Arrúa llegó a Zaragoza procedente del fútbol paraguayo y su impacto fue inmediato. Mediocampista ofensivo de enorme talento, destacó por su calidad técnica, su visión de juego y una capacidad goleadora poco habitual para su posición. Era un futbolista elegante, pero también determinante, capaz de asumir responsabilidades en los momentos importantes.

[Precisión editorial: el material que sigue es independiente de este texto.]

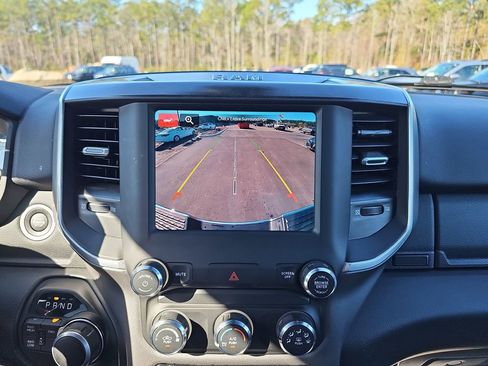 Used 2024 RAM 2500 Big Horn w/ Bed Utility Group image 26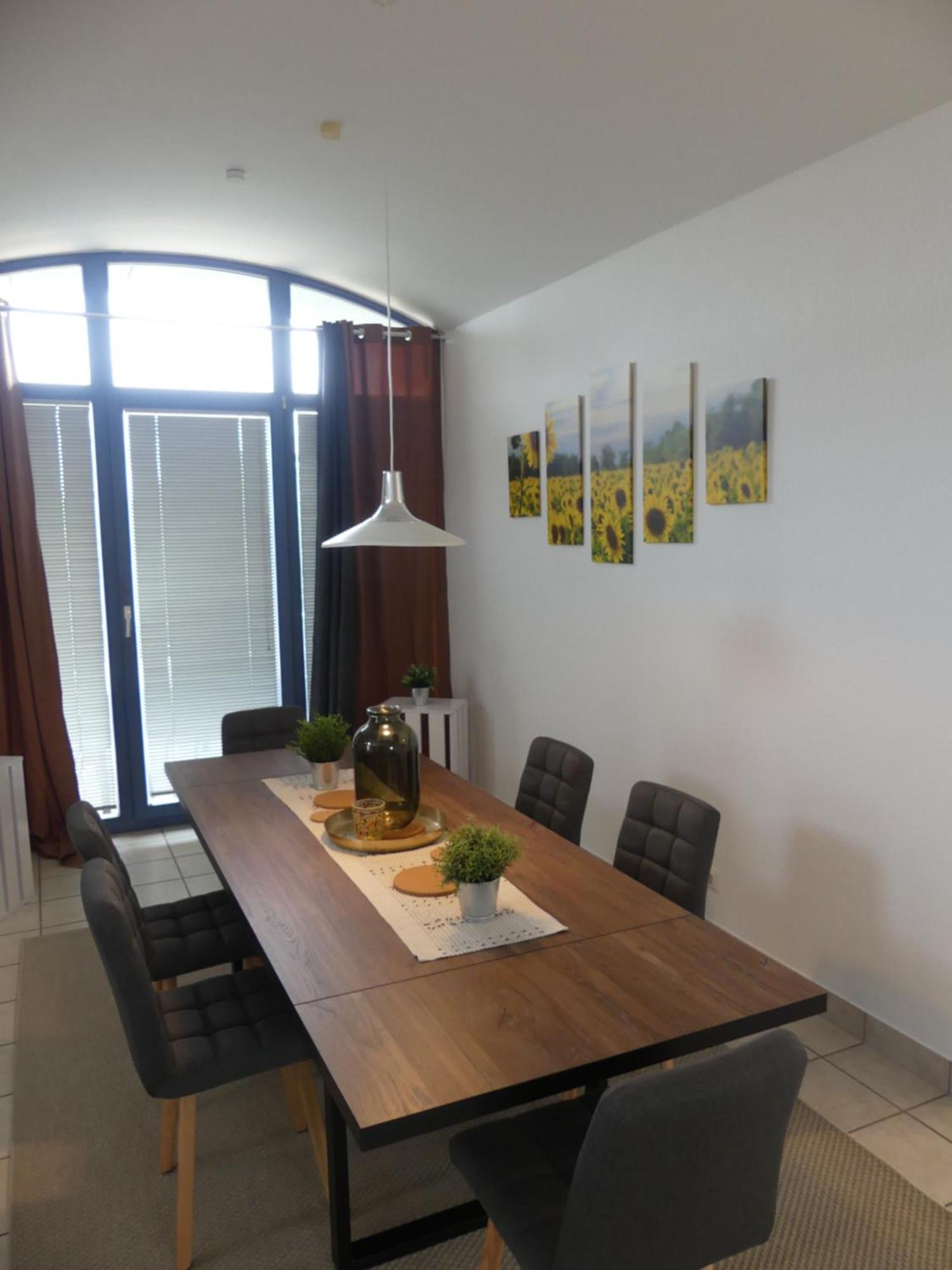 Apartment-Koeln-Bonn, Ihr Zuhause Auf Zeit. เวสเซลลิง ภายนอก รูปภาพ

Formó parte de un bloque histórico junto a otros jugadores paraguayos que dejaron huella en el club, en una etapa en la que el Zaragoza logró competir al máximo nivel en el fútbol español. Aquella generación no solo destacó por su calidad, sino también por su carácter y conexión con la afición de La Romareda.
En el plano estadístico, Arrúa firmó unos números muy relevantes: disputó 147 partidos en Primera División con el Zaragoza y anotó 71 goles en Liga, cifras que le sitúan entre los jugadores más influyentes del club en esa época. Su aportación ofensiva fue constante y decisiva en varias temporadas.
Uno de los hitos colectivos más destacados de su etapa fue el subcampeonato de Liga en la temporada 1974-75, así como el tercer puesto logrado el curso anterior. Además, el equipo alcanzó la final de la Copa del Rey en 1976, donde el Zaragoza cayó ante el Atlético de Madrid, en un partido en el que Arrúa también tuvo protagonismo.
A nivel individual, su rendimiento fue reconocido con la distinción de mejor jugador extranjero de la Liga española en 1974, un premio que reflejaba su impacto en el campeonato y su condición de futbolista diferencial.
Más allá de los números y los logros, Arrúa dejó un legado que trasciende generaciones. Representó una forma de jugar basada en el talento, la inteligencia y la personalidad. Fue un líder sobre el césped y un jugador que conectó profundamente con la identidad del zaragocismo.
Hoy, su figura sigue siendo recordada como la de uno de los grandes extranjeros que han vestido la camiseta blanquilla. Saturnino Arrúa no solo marcó goles: marcó una época.